Der Tag nach dem Anruf ist der Tag, an dem die bohrenden Fragen kommen. Hättest du es merken können? Hättest du es verhindern können? Hättest du es bemerken müssen?
Ich bin mir sicher, dass sich diese Fragen alle Angehörigen stellen. Fragen, auf die es keine Antworten gibt, auf die es nie Antworten geben wird. Der Mensch, der sie beantworten könnte, lebt nicht mehr. Er kann nicht mehr sagen, warum er diesen Weg gewählt hat. Er kann nicht mehr sagen, wie wir ihm hätten helfen können.
Sicher ist, dass der Entschluss nicht von jetzt auf gleich kam. Sicher ist auch, dass wir uns diese Gedanken viel zu spät machen. Warum haben wir eigentlich so wenig Zeit für einen Menschen, den wir lieben? Warum leben wir aneinander vorbei und nicht miteinander? Es waren ja nur ein paar Kilometer, vielleicht zehn oder zwölf. Warum sind wir, warum bin ich nicht mehrmals in der Woche zu ihm gefahren? Warum habe ich meinen kleinen Eric allein gelassen?
Der Tag danach ist der Tag, an dem du auf die Straße gehst und dich fragst, warum die anderen nicht genauso traurig sind wie du. Der Tag danach ist der Tag, an dem du die Menschen nicht ertragen kannst, die sich liebevoll Küssen, die Lachen und sich rege unterhalten. Warum geht es den Menschen nicht so wie dir, warum trauern sie nicht, wo doch gerade ein wundervoller Mensch diese Erde verlassen hat?

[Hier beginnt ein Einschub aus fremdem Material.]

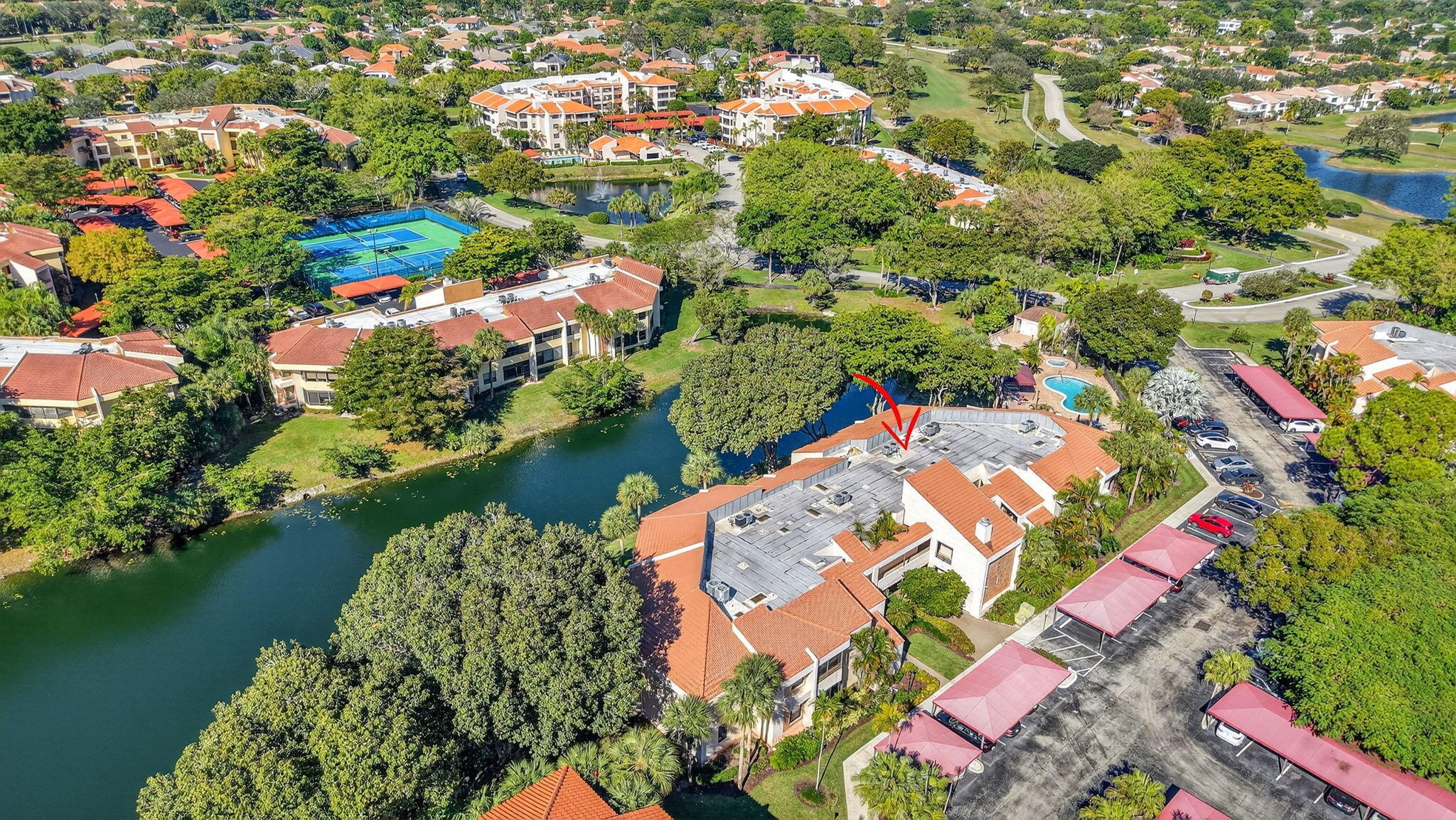 7484 La Paz Boulevard 103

Klar, mein Verstand kennt die Antwort. Mein Verstand weiß, dass diese Menschen es gar nicht wissen, dass sie es gar nicht wissen können und das sie, wenn sie es wüssten, nicht so trauern könnten, wie wir, weil sie diesen wundervollen Menschen gar nicht kannten. Aber mein Herz kann das nicht verstehen. Mein Herz will, dass auch diese Menschen traurig sind, mein Herz will, dass auch sie um diesen wundervollen Menschen trauern, um den Menschen, den wir verloren haben. Und mein Herz tut weh, wenn diese Menschen nicht trauern, wenn diese Menschen sich küssen oder wenn diese Menschen einfach so lachen, wo lachen und küssen in dieser Situation doch total unangemessen ist.

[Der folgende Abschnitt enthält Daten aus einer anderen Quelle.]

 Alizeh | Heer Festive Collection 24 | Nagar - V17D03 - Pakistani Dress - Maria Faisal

Der Tag danach ist der Tag, an dem du verstehst, dass du diesen wundervollen Menschen nie wieder lachen sehen wirst. Der Tag, an dem du begreifst, dass du viel zu wenig Zeit mit diesem Menschen verbracht hast und das du wahrscheinlich auch einen Teil der Schuld daran trägst, dass er diesen Weg gewählt hat. Du begreifst, dass du nie erleben wirst, wie sich dieser Mensch das erste Mal richtig verliebt, wie er Vater wird, wie er sich eine Zukunft aufbaut.
Der Tag danach ist der Tag, an dem du die ganze Zeit mit den Tränen kämpfen musst. An dem dich die Erinnerungen überwältigen, weil du so viele gemeinsame Erlebnisse mit diesem Menschen hast, weil dein Gehirn nicht will, dass zu diesen Erlebnissen keine mehr dazu kommen, weil es will, dass die Zeit zurück gedreht wird, damit du es ändern kannst, damit du ihn abfangen kannst, ihn davon abhalten kannst. Aber der Verstand weiß natürlich auch, dass dieser Entschluss viel länger gereift ist, dass du viel weiter zurück in die Vergangenheit müsstest, um den Weg zu ändern, den dieser geliebte Mensch einschlägt.
Am Tag danach bist du einfach nur hilflos. Du möchtest Dragonball schauen, in der Hoffnung, dass der geliebte Mensch dazu kommt und mit dir zusammen Dragonball schaut. Du möchtest ein Buch kaufen, in der Hoffnung, dass du es dem geliebten Menschen schenken kannst. Aber das ist nicht möglich, er wird mit dir nie wieder Dragonballs schauen, du wirst ihm nie wieder ein Buch schenken können. Und dann kommen die Tränen, sie kommen immer wieder. Sicher, sie vergehen irgendwann, die Trauer wird irgendwann vergehen, der Schmerz wird irgendwann nachlassen, aber die Erinnerungen, die werden bleiben. Die Schönen und die Schmerzlichen. Der Tag danach ist einfach nur scheiße, und die Tage danach werden es auch sein.